A reasonable amount of gender bending has become common place in the music business, whether it’s David Bowie in a ridiculous amount of rouge and a spandex jump suit as Ziggy Stardust, Davey Havok’s (Vox and lyrics for AFI and Blaqk Audio) more physically significant gender blurring, or Scott Weiland in a blue swing dress and eyeliner for all the world to see back in the bad old heroine days (or did I just imagine that last one?). And few seem to be bothered by it. Asheville may be a fairly rainbow friendly zone, but in much of the country, that “c’est la vie” attitude about straddling the gender divide might seem a little out of place on main-street.
Certainly, the country is changing. Of the under 30 set, very few will go on record as being against gay marriage. The sexual revolution has nearly come full circle. Girls may be boys and boys may be girls. Or anything in between. And music has always been at the forefront. Isadora Duncan rocked popular culture in the twenties by dancing barefoot and (what was considered at the time) scantily clad. Elvis’s gyrating hips made good church girls swoon in the fifties, even if they weren’t quite sure why they were sweating (and i think he may have lined those smoldering eyes of his a time or two). The twin twiggy-doll look that dominated the early seventies glam rock/experimental scene (think the velvet underground) had to have resulted in a few very confused 20 somethings. In the eighties, Madonna made herself an instant sensation and eventually a mogul by commanding the stage in only her lingerie and matching a Vogue-worthy face with (what were then considered Sexually Explicit lyrics.
Whether we realize it or not, this broadening of our gender related horizons has had a massive effect on gender equality over the years. Girls like Madonna, Grace Slick, Roberta Flack, Patti Smith, Janis Joplin, Mama Cass, and Donna Summer paved the way for a lot of the standing women now enjoy in this country (although, apparently we’re still ok with “being paid slightly less and raped slightly more” or as one fox pundit recently put it “too much”)…. Without these ladies, it might still be considered off for a woman to ask a man out, or for an unmarried man and woman to travel together. If you’re thinking “oh c’mon, we’ve come a long way from that,” think about how our views on the religious issues surrounding gay marriage may have changed forty years from now. Already, if you ask a sixty year old man and a twenty year old heterosexual couple for their opinions on the issue, you’ll likely get two very different answers.

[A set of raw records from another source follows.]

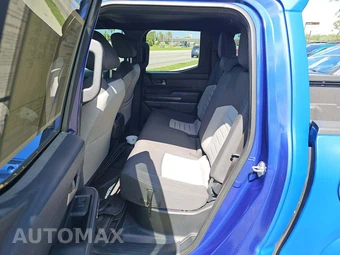 2025 Toyota Tacoma TRD Sport Crew Cab Medium Bed - miniatura 13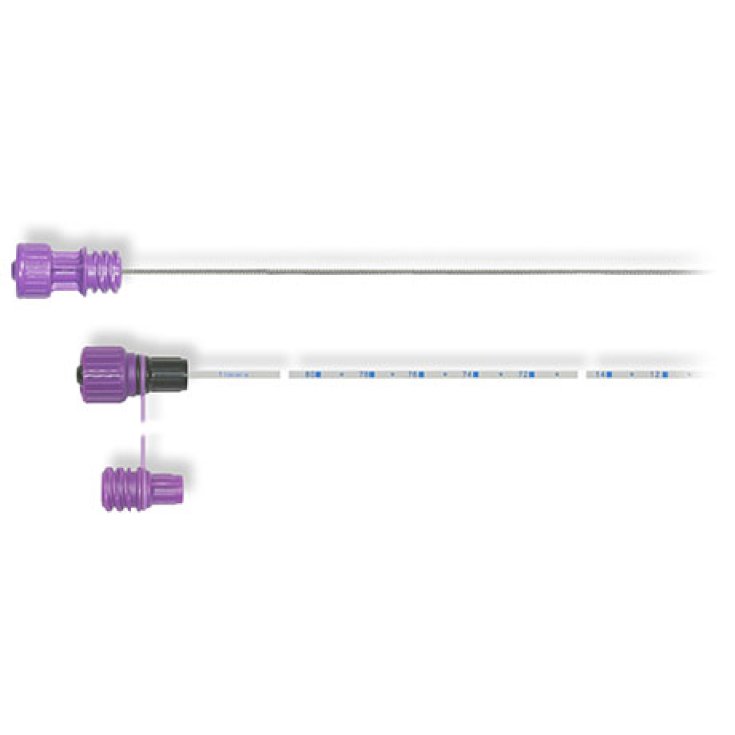 Flocare Nasogastric Probe Ch14 Nutricia 1 Piece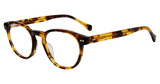 Lucky Brand Eyeglasses VLBD429 Brown Havana 0BRH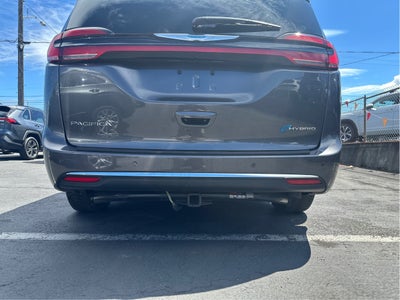 2021 Chrysler Pacifica Hybrid Limited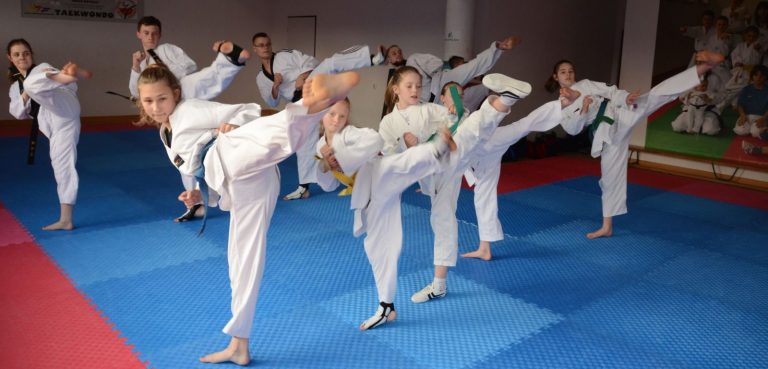 Międzynarodowy Puchar Polski Taekwondo w Nowym Sączu
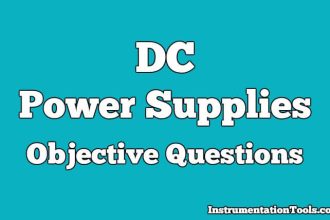 DC Power Supplies Objective Questions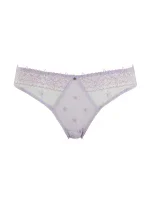 Dámské kalhotky / brazilky 10582 Lila světle fialová - Panache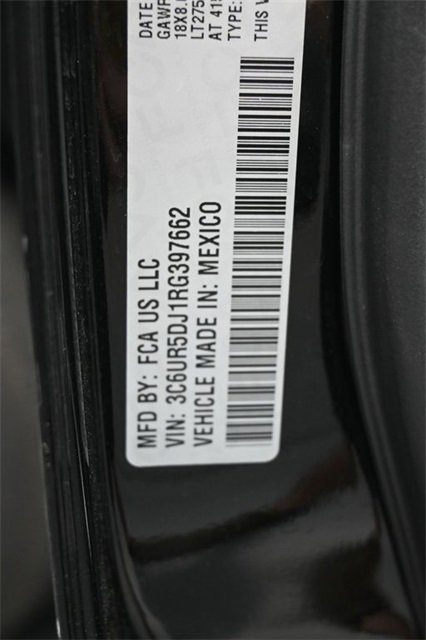 Used 2024 RAM 2500 Big Horn w/ Bed Utility Group image 31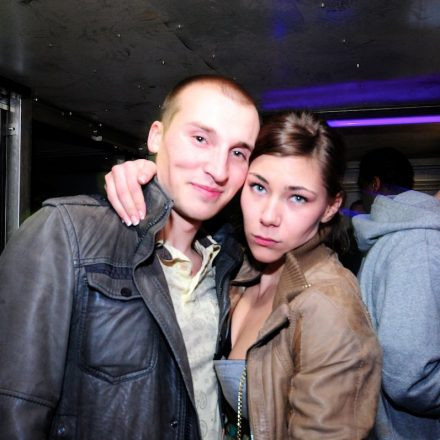 Vollkontakt ft. Dj Marky @ fluc_wanne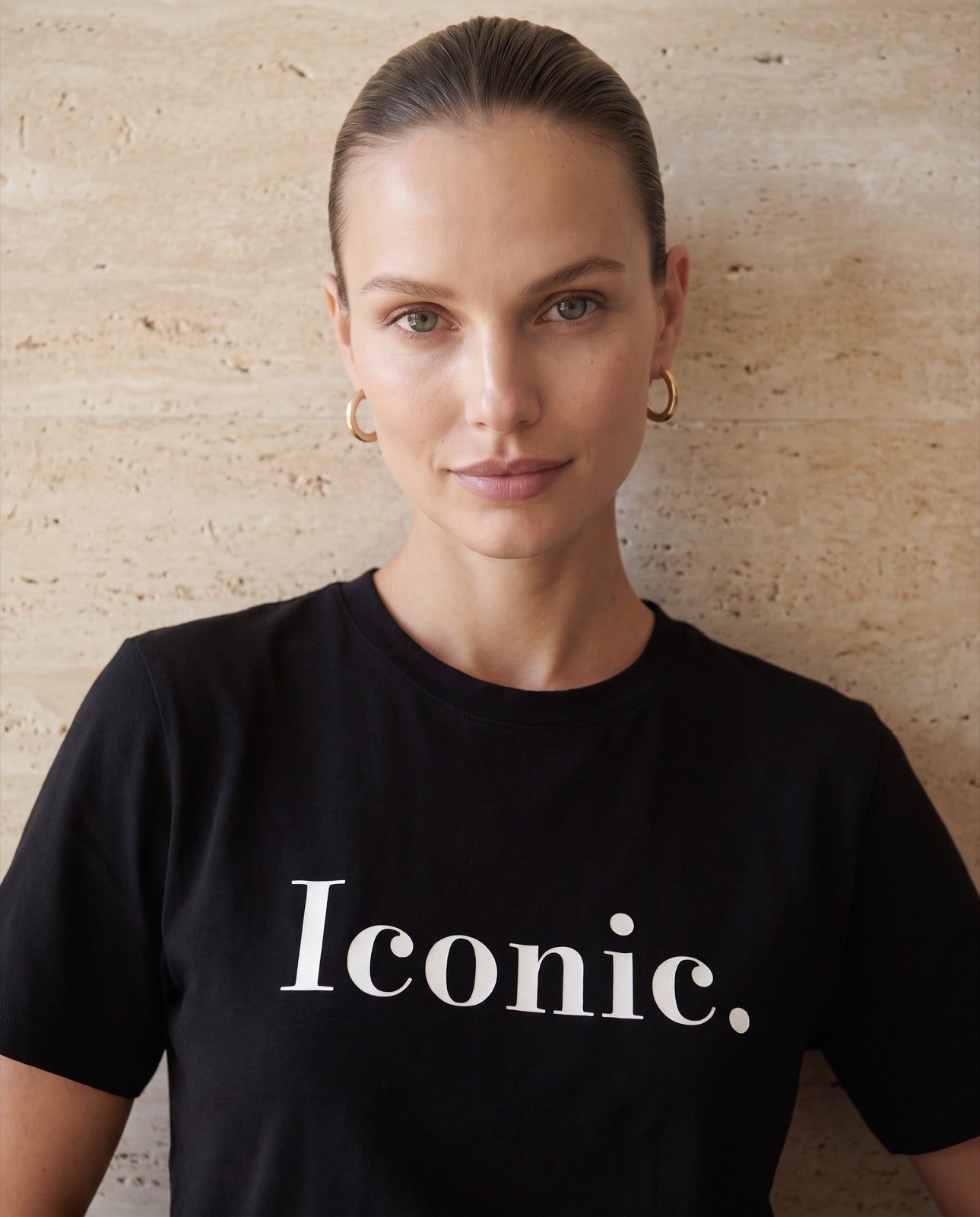 Iconic Tee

I think as human beings, we’re preprogrammed to accept behavior we see as divergent more easily from the creative, the innovative; the artists, the inventors. Davey Havok, Placebo’s Brian Molko, Smashing Pumpkins frontman Billy Corgan, and so many others over the years have taken one for the team, literally. They are constantly expanding the roles and opportunities available to, and accepted within the LGBT community. Whether it’s as simple as walking out onstage in eyeliner (and simultaneously making my heart go pitter-patter), or as massive as coming out publicly and defending your choices and your freedoms, these trend-setters have been maps of where our society is heading.
Note: As a mostly straight female, I have to add that there’s something undeniably sexy about a straight guy who isn’t too concerned about his image to wear a little make-up in public. In my experience, it usually indicates an open mind, a reasonable level of sensitivity, and a willingness to see the world a little differently. Well, aside from the obvious one…. they now know why you spend ten minutes in the bathroom getting ready (because the blasted lines will not go on even!) and stop pestering you for it quite so much.